Check which lines of the entries that follow hold "Antonio", then give the number of those lines and nothing more.

*** RECORDS PROVIDED ***

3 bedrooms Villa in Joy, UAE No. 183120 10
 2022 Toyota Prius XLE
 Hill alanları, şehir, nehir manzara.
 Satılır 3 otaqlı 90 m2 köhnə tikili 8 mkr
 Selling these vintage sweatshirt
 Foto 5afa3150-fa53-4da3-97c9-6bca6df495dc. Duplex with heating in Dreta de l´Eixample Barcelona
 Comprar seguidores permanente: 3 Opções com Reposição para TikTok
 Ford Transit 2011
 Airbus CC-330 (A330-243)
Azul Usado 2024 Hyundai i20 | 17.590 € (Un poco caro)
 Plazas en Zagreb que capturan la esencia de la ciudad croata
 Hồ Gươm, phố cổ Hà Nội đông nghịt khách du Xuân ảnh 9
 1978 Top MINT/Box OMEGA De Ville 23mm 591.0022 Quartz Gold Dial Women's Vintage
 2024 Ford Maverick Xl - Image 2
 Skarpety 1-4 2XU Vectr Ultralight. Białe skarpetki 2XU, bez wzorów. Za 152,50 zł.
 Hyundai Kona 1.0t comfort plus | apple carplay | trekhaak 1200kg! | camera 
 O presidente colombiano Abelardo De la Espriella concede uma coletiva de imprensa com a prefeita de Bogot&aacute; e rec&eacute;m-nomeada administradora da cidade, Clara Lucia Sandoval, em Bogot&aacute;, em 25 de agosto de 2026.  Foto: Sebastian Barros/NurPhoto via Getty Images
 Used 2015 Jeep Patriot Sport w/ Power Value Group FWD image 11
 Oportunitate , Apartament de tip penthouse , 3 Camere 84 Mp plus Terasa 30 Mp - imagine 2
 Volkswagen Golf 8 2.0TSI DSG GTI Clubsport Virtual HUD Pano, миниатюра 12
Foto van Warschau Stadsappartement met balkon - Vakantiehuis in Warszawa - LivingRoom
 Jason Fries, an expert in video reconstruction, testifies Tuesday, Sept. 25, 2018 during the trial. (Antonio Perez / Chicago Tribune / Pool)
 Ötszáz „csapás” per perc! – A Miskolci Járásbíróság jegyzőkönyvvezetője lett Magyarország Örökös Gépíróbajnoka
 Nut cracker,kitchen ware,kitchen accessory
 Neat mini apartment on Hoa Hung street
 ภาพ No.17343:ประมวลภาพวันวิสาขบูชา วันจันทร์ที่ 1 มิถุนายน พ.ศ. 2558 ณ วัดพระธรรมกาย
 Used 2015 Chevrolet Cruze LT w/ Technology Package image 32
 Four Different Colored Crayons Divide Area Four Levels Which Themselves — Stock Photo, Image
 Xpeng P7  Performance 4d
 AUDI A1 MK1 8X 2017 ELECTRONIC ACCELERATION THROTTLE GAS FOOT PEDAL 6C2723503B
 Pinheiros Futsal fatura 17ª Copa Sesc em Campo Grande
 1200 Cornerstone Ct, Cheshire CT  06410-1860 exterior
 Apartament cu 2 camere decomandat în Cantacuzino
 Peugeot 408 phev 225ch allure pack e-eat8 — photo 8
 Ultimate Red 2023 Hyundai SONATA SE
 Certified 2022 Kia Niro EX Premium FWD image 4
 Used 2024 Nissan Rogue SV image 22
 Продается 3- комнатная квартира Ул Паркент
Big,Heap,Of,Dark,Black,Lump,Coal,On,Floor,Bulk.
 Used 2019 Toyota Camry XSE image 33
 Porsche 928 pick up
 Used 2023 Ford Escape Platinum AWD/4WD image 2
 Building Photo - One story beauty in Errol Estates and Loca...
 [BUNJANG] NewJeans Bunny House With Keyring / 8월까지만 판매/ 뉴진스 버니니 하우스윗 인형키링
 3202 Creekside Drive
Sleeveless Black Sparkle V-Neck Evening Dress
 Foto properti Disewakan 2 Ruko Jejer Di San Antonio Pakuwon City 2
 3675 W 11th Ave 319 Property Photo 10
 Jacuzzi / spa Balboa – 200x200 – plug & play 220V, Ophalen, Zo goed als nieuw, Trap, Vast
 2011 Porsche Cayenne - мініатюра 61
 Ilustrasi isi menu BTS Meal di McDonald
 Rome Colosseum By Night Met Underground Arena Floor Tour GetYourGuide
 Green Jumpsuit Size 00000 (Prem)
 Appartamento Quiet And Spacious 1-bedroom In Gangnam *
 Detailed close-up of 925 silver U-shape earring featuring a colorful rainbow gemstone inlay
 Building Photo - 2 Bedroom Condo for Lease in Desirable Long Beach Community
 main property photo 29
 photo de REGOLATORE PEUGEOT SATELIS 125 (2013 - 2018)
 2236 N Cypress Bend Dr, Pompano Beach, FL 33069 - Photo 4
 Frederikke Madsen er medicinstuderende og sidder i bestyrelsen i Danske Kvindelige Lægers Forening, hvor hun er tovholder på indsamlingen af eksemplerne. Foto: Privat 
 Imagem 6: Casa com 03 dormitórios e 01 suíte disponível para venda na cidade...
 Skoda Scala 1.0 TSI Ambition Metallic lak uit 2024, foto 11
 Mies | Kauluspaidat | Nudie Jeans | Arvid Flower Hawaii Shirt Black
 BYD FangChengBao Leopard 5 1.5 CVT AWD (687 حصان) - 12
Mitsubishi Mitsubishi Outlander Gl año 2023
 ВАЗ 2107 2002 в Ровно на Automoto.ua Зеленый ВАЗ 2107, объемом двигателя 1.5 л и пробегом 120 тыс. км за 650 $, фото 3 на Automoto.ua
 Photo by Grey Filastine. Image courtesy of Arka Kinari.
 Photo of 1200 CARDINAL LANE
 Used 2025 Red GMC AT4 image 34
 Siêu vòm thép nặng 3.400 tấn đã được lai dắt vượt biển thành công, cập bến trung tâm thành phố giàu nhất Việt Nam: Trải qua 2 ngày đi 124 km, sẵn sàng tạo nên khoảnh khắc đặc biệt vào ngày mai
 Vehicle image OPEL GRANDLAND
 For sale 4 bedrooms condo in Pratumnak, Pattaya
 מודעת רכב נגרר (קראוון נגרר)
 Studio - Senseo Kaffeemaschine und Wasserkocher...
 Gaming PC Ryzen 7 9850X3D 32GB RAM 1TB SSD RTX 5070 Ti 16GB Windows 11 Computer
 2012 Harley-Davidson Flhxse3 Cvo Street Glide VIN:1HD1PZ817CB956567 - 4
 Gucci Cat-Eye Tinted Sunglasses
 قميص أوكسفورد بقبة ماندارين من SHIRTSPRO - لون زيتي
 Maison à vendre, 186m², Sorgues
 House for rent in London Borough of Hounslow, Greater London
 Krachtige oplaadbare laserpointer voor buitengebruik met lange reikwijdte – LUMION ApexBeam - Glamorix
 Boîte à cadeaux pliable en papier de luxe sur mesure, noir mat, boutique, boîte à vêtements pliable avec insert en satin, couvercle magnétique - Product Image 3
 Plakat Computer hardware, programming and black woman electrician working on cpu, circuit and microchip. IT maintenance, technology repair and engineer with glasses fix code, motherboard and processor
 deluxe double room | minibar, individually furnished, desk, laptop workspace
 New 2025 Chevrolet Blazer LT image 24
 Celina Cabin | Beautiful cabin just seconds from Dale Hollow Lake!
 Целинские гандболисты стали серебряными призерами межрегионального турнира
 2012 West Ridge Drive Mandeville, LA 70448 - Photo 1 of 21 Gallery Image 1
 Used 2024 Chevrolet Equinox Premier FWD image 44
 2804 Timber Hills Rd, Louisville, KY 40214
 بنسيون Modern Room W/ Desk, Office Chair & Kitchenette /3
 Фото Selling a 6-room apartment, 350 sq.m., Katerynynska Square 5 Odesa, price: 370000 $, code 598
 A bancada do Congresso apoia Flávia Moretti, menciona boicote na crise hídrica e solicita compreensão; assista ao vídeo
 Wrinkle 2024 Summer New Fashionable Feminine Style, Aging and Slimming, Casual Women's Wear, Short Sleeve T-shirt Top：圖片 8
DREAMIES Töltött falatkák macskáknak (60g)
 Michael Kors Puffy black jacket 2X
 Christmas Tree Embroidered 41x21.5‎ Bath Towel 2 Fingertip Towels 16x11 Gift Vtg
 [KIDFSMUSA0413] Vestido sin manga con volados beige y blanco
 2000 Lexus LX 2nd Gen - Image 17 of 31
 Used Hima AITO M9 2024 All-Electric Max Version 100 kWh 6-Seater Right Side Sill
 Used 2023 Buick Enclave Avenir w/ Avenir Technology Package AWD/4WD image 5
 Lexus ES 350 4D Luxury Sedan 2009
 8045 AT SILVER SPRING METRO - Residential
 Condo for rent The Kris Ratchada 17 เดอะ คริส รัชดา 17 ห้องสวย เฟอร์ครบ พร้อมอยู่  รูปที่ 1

*** End of RECORDS PROVIDED ***

__RESPONSE FOR THIS EXERCISE__: 2